Hidden charges and overriding interests
1. Are there any such hidden charges in your system? If so, please list them, and explain how a buyer can discover them. Explain if there is any simple way that the property can be freed from them.
2. Do any of these, or any other similar matters, have priority over a mortgage, where the lender was acting in good faith and was unaware of them? Explain if there is any simple way that the property can be freed from them.
Under Greek Law, any right on property must be registered in the Land Registry in order to produce legal effects. Property rights (meaning ownership, mortgages, easements) burden the property even after it has been sold to a third party acting in good faith.

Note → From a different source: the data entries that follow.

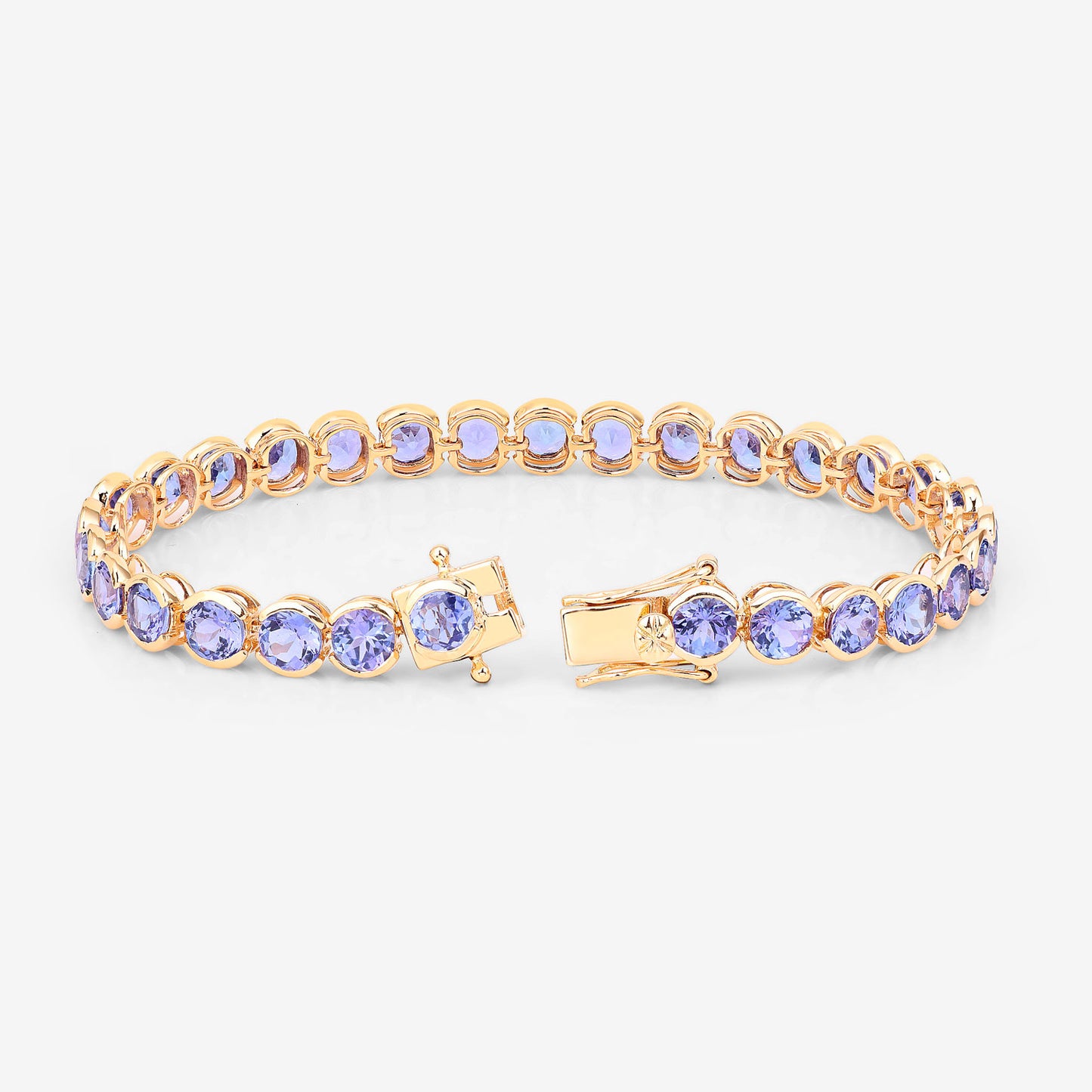 Half Bezel Set Tanzanite Tennis Bracelet 12.5 Carats 14K Yellow Gold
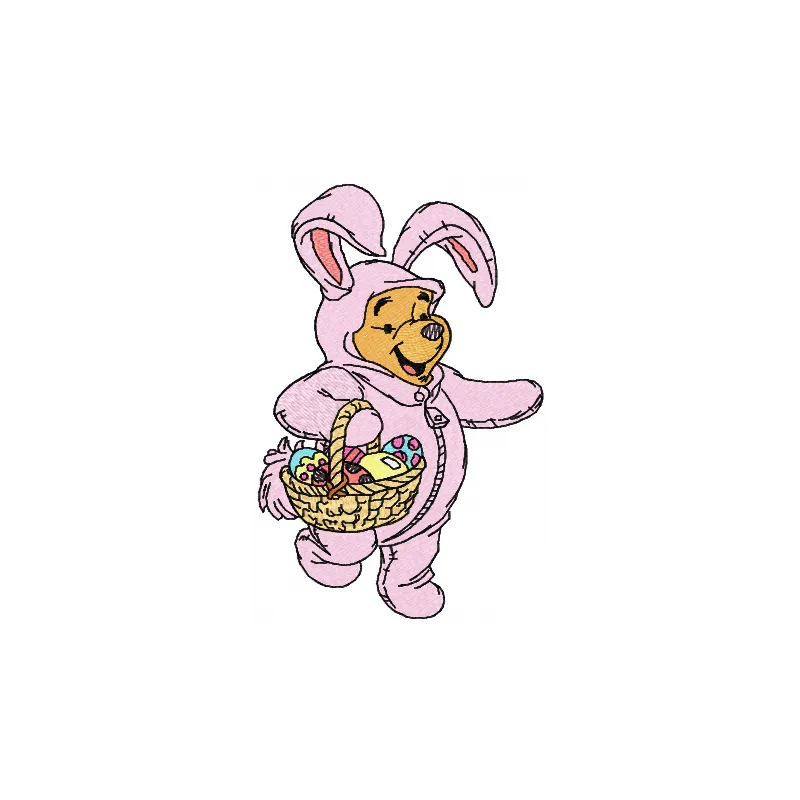 Easter bunny embroidery design featuring a cute bunny motif, perfect for embellishing t-shirts and baby onesies.
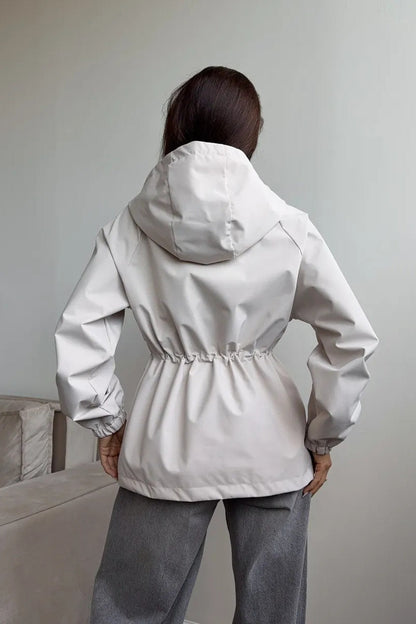 Waterproof Hooded Drawstring Loose Casual Outdoor Hiking Jacket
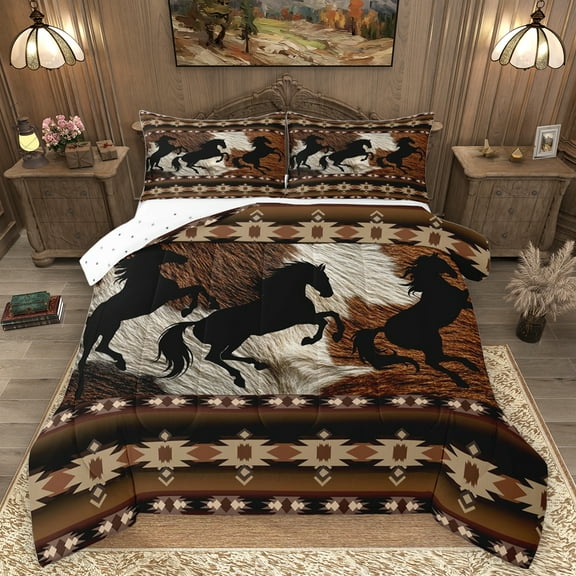 Homewish Rustic Western Cowboy Full Size Comforter Sets,Country Cattle Hide Bedding Comforter Set,Retro Bohemain Aztec Bedding Sets For Boys Teens,Microfiber Bedroom Decor Reversible,3pcs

These rights are the actual charges of the property itself (and not the owner) and must be mentioned in the Registry. In that sense there are no hidden charges in the Greek system; a future buyer or lender cannot be found in a position that a right not registered prevails over his own right.
To be noted that;
- Leases do not constitute a property right as such, however, once registered in the Land Registry, they are binding for any future buyer.
- Prescriptive rights (adverse possession) can be acquired only via a court decision recognising such right on a property. Any action for the recognition of such rights must be registered in the Registry, so that a future buyer of lender is aware of the vindication.
- In general, any kind of judicial claim which relates to the property and may eventually lead to a loss or a modification or the property, must be mentioned in the Registry (namely vindication, dispossession proceedings, action for distribution, possessory action, action for easement, action for inheritance etc.). Registration in the Land Registry is a condition for the action’s admissibility.
- Any other obligations of the owner (financial charges, tax obligations, obligation for shared facilities, contractual obligations etc.) constitute charges of the owner and not of the property as such and do not burden the property after it has been sold.
- Public rights of way and other limitations imposed by urban planning are mentioned in the Land Registry; any administrative act affecting urban planning and the use of land must be registered.
As mentioned above, there are no hidden charges in the Greek system; a lender acting in good faith will never face the situation where a right not registered in the Land Registry prevails over his right of mortgage.